Posted By Sam "Burgundy Suit" Scott on December 17, 2018 in Features | 11 Responses

“I love your eyes, my dear,

their play so passionate and brightening.

When a sudden stare up you send,

And like a heaven-blown lightning,

It’d take in all from end to end

But there’s more that I admire:

Your eyes when they’re downcast

In bursts of love-inspired fire.

And through the eyelash goes fast

A sombre, dull call of desire.”

Tarkovsky’s patient, powerful, hypnotizing sci-fi masterpiece (no, not that one, the other one) is too large and sweeping to even behold fully, much less write about. You’ve got to do it from a certain angle, by considering a certain theme or a certain formal gesture.
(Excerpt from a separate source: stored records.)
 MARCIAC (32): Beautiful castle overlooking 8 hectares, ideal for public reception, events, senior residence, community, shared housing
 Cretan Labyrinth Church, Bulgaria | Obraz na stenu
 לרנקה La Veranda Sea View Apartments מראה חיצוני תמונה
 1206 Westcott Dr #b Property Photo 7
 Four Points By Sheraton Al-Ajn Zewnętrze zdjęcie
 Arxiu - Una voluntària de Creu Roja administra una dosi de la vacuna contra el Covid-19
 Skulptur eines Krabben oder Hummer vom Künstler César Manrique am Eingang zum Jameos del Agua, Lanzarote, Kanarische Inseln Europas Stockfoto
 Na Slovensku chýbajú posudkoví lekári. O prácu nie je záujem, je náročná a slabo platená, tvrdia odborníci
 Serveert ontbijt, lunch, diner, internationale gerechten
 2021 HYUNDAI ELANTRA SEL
Its meditative and spiritual effect defies words; Tarkovsky, at his most effective, puts you in a kind of trance where images gain metaphysical power and dialogue seems to become just another element of the visual composition.

The final scene might be the most puzzling and enigmatic of all, despite the fact that it’s not altogether difficult to explain the events of the scene or the scene’s purpose in the plot. In fact, it’s very simple: the Stalker’s young daughter reads a poem to herself at a table with three glasses sitting on it. She uses her telekinetic powers to move those three glasses to the edge of the table. One is filled with a brown liquid, one is a mason jar filled with some junk, one is a tall, clear glass that she pushes off the table, falling to the ground–but we can hear clearly that it did not break. She then puts her head on the table and listens to a train go by, as we hear Ode to Joy, perhaps being played on the train, but perhaps not. Finally, the table rattles, perhaps being shaken by the train, but perhaps not. Fade to black on a close-up of the young girl’s face, hearing only the sound of the rattling table.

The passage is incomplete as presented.